La notion de Dieu étant ainsi obtenue avec plus ou moins de certitude pour l’homme, plusieurs idées accessoires s’y rattachent dans la doctrine de Pierre d’Ailly. Dans son commentaire sur la seconde question du Livre des Sentences, il se de­mande si nous pouvons jouir de Dieu, et répond avec adresse à ses adversaires qui se fondaient sur l’impossibilité où le fini est de saisir l’infini. Il conclut que l’homme peut jouir de Dieu, non-seu­lement en vertu de la révélation, mais par suite même des lumières naturelles, puisque pouvant connaître Dieu, nous pouvons aussi l’aimer. Cette question, qui passe tout naturellement à la théo­logie, contient dans son développement, des ré­flexions qui préludent à la querelle de Bossuet et de Fénelon sur l’amour pur.

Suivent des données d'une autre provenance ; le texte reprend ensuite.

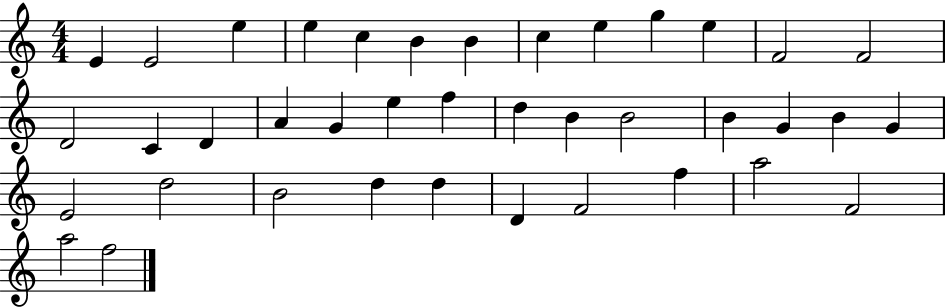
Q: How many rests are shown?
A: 0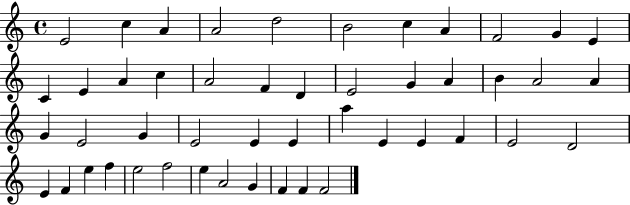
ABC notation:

X:1
T:Untitled
M:4/4
L:1/4
K:C
E2 c A A2 d2 B2 c A F2 G E C E A c A2 F D E2 G A B A2 A G E2 G E2 E E a E E F E2 D2 E F e f e2 f2 e A2 G F F F2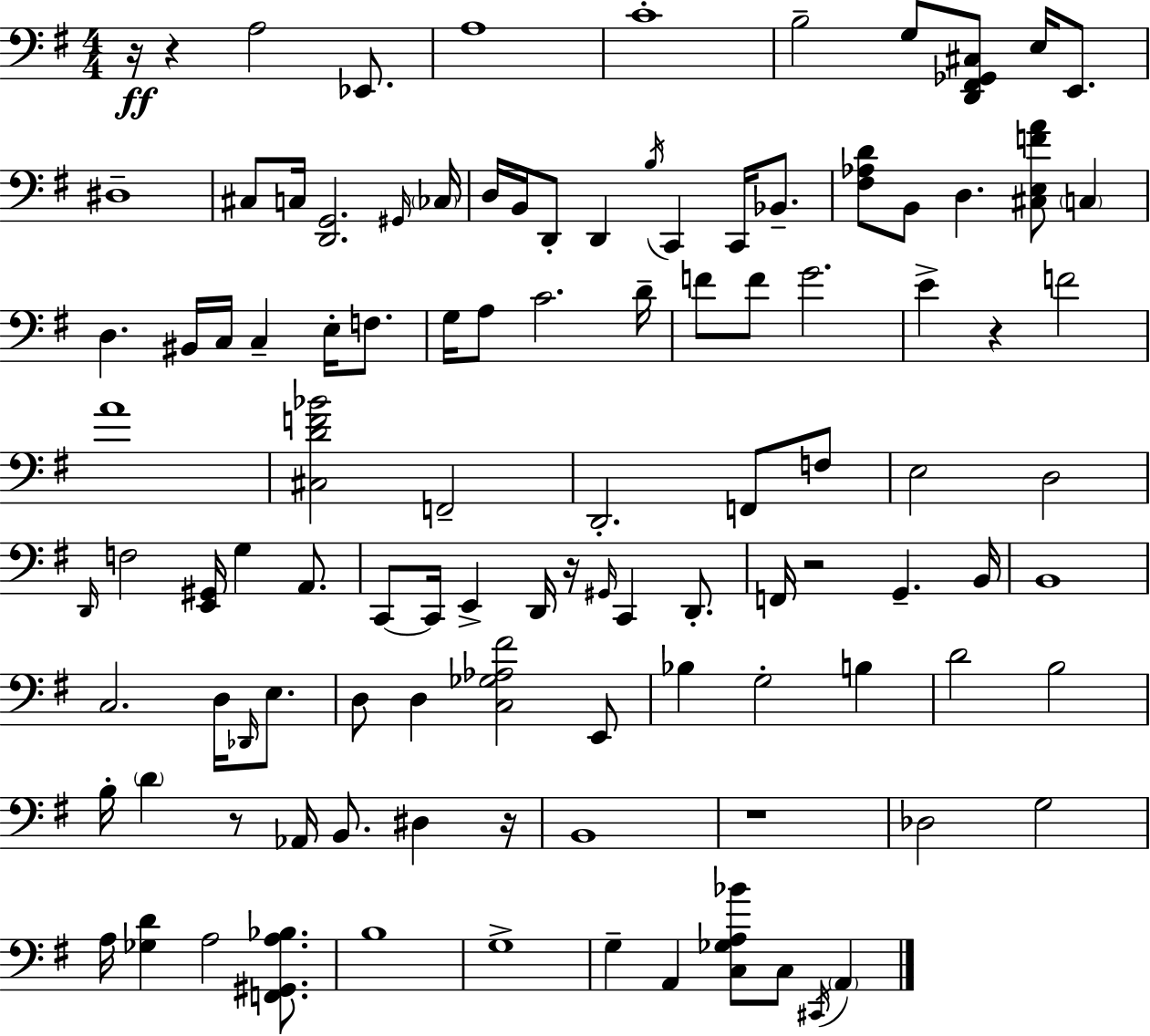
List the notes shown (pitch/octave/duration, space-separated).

R/s R/q A3/h Eb2/e. A3/w C4/w B3/h G3/e [D2,F#2,Gb2,C#3]/e E3/s E2/e. D#3/w C#3/e C3/s [D2,G2]/h. G#2/s CES3/s D3/s B2/s D2/e D2/q B3/s C2/q C2/s Bb2/e. [F#3,Ab3,D4]/e B2/e D3/q. [C#3,E3,F4,A4]/e C3/q D3/q. BIS2/s C3/s C3/q E3/s F3/e. G3/s A3/e C4/h. D4/s F4/e F4/e G4/h. E4/q R/q F4/h A4/w [C#3,D4,F4,Bb4]/h F2/h D2/h. F2/e F3/e E3/h D3/h D2/s F3/h [E2,G#2]/s G3/q A2/e. C2/e C2/s E2/q D2/s R/s G#2/s C2/q D2/e. F2/s R/h G2/q. B2/s B2/w C3/h. D3/s Db2/s E3/e. D3/e D3/q [C3,Gb3,Ab3,F#4]/h E2/e Bb3/q G3/h B3/q D4/h B3/h B3/s D4/q R/e Ab2/s B2/e. D#3/q R/s B2/w R/w Db3/h G3/h A3/s [Gb3,D4]/q A3/h [F2,G#2,A3,Bb3]/e. B3/w G3/w G3/q A2/q [C3,Gb3,A3,Bb4]/e C3/e C#2/s A2/q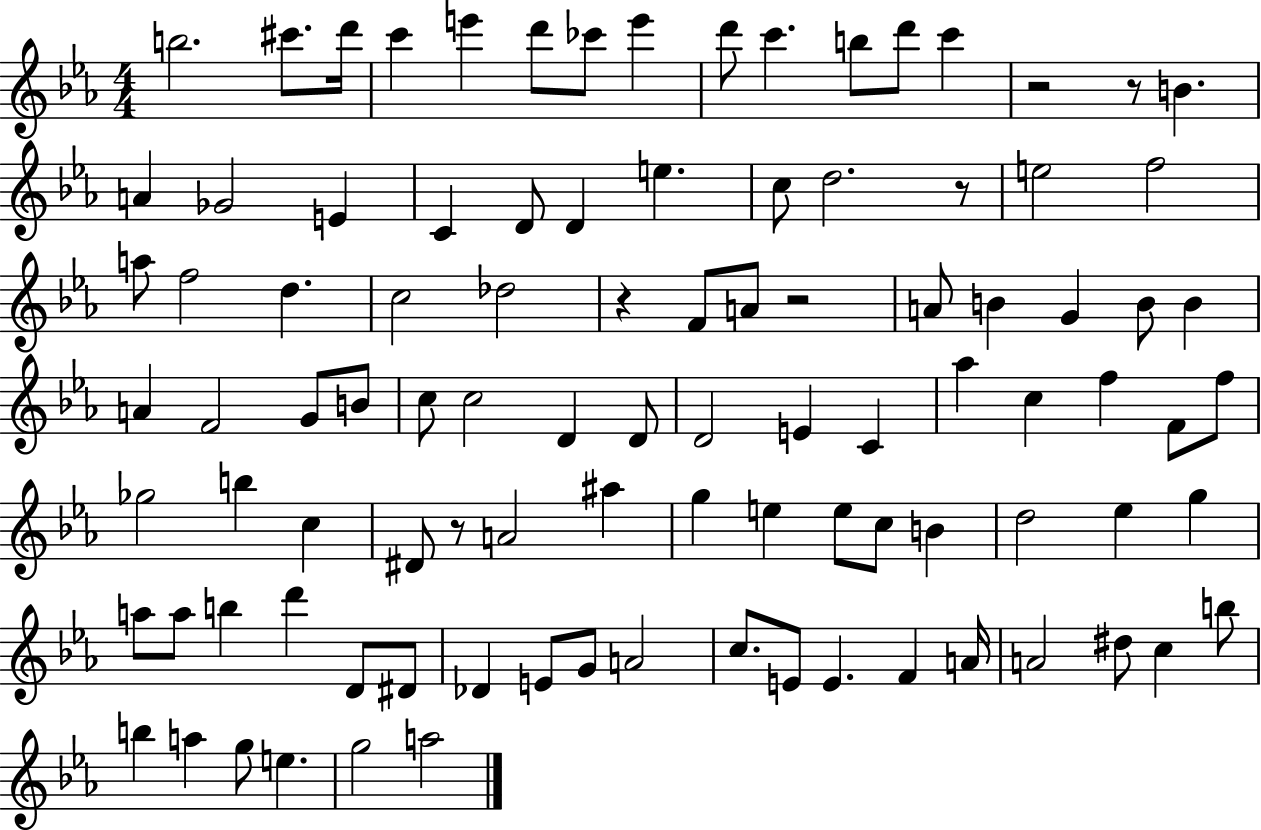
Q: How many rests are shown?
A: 6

L’existence de Dieu fournissait à Pierre d’Ailly une base inébranlable pour y fonder d’une ma­nière solide le principe de la loi. Quoiqu’il ne donne pas toujours de ses idées une démonstration satisfaisante, il pose cependant des principes cer­tains entre lesquels se trouvent ceux-ci : Parmi les lois obligatoires, il y en a une première, une et simple.Il n’y a point de succession à l’in­fini de lois obligatoires. On peut croire que le spectacle des désordres du grand schisme d’Occident, où les souverains pontifes mettaient si sou­vent leur volonté à la place des lois de toute es­pèce et de tous degrés, inspira à Pierre d’Ailly le besoin de rappeler son siècle à des principes fixes dont la rigueur ne fut pas toujours goûtée par ceux de ses contemporains qu’ils blessaient dans leurs intérêts ou condamnaient dans leur con­duite.

L’accord de la prescience divine et de la contin­gence des faits futurs a exercé la subtilité de Pierre d’Ailly. comme celle de la plupart des phi­losophes qui lui ont succédé, mais sans plus de succès. Il cherche, après Pierre Lombard, qu’il commente, la solution de ce problème, et croit y être parvenu à l’aide de distinctions qui ressem­blent plus à des jeux de mots qu’à une analyse quelque peu sûre. À l’aide de cette conclusion : Illud quod Deus scit necessario eveniet necessi­tate immutabilitatis, non tamen necessitate inevitabilitatis, il paraît ne pas douter que l’intelli­gence ne doive être complètement satisfaite par ce non-sens. Au milieu de ce travail d’une dia­lectique spécieuse, on ne peut disconvenir que les raisons en faveur de la prescience divine, soit que l’auteur les tire des lois de l’intelligence, soit qu’il les puise dans les saintes Écritures, ne soient beaucoup plus concluantes que celles sur lesquelles s’appuie la contingence des faits, et par suite la liberté morale de nos actes.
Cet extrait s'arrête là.